Tessa, initially appalled at his claims, believes Brian may be an unfortunate physics professor—one who suffered a mental breakdown—but still finds him oddly attractive and engaging.

The plot of Tessa’s “real time” life unfolds dually with the plot of Brian’s life with her—an alternative life that could have been if had she made different choices. The plot, in this respect, is multi-layered, exploring Tessa’s life as it is, and, at the same time, as it could have been.

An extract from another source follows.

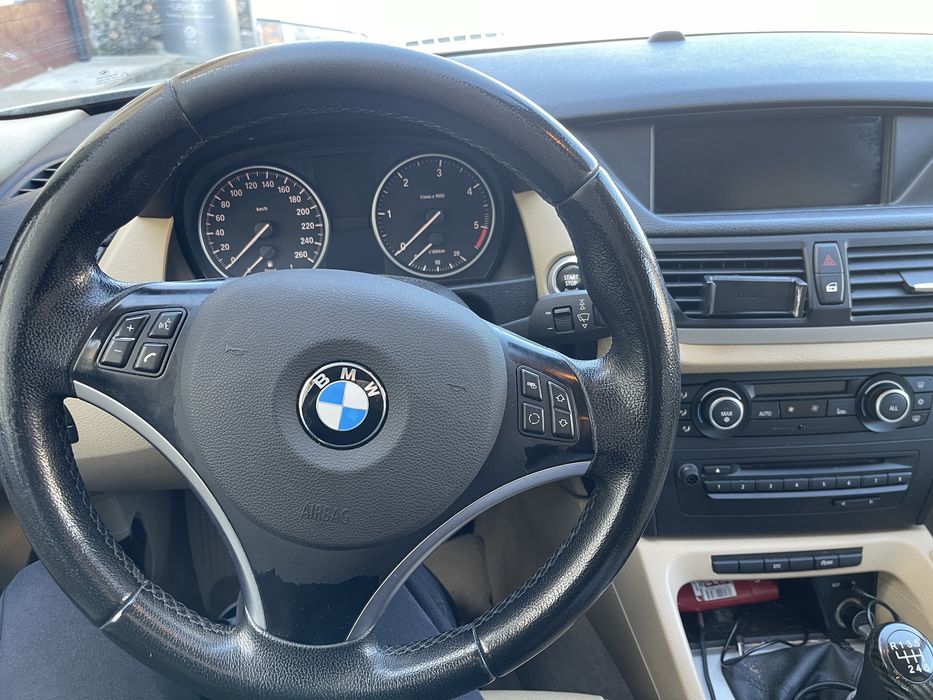 BMW X1 sDrive20d E84 2010 — photo 5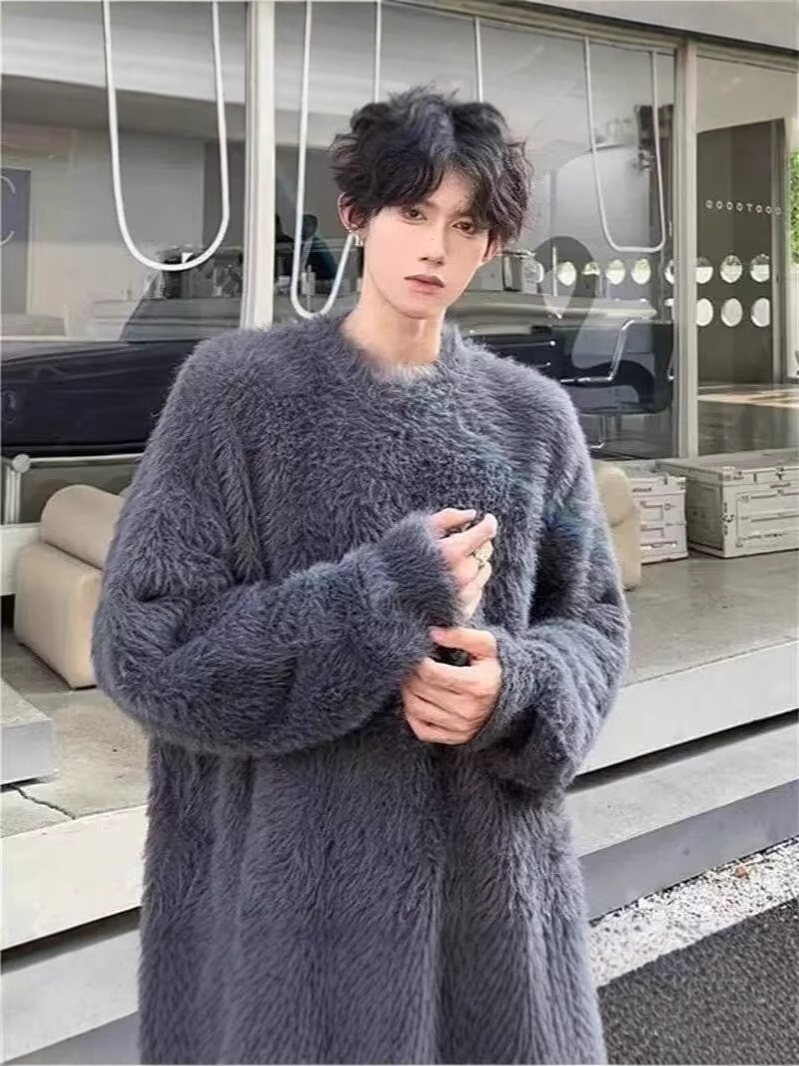 馬海毛のふわふわした白いミンクの丸首のセーターの男性の秋冬感の怠惰な柔らかいモチはニットを打ちます。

How does Columbia University-educated Tessa fall under seemingly crazy Brian’s spell?  The answer, in part, is that Tessa understands, intuitively, that Brian seeks a primal love, whether he is dealing with reality or simply a wild perception that relieves his own pain and loss. Brian tells her, “It hurts to lose someone you love.”  And: “It hurts so bad you can’t imagine. Sometimes I can’t breathe. The days without you stretch out like an unending wasteland, gray and empty forever. … I only ever wanted to be with you from the moment I met you.”

The unwelcome yet comforting entrance of Brian into Tessa’s life forces her to grapple with emotional issues while she struggles to get by financially.  She’s evicted from her apartment, and her only hope for re-entering her home as a resident again is to cough up $12,000 in back-payments.

The eccentric and deceptively brilliant Brian proves to be a hero and a spiritual protector for Tessa. Whatever or whoever he is—a kook from the homeless streets of New York; an alternate-universe traveling “physics professor” who is searching for his young, dead wife; or a delightful fraud—Brian is a healing force in Tessa’s life.

And this is what this novel is about: healing. Tessa’s life changes once she is loved by a man she connects with, a man who is so unlike her cold, detached ex-husband, David.   But Brian—physics professor at Yale…street person…whoever he is—vanishes from her life as quickly as he came.

His impact on Tessa is profound. Her financial situation improves, she reinvigorates her artistic talents, she gains self-confidence, and, in short, she takes out “a new lease on life.” Her story shows it isn’t time that heals, but love.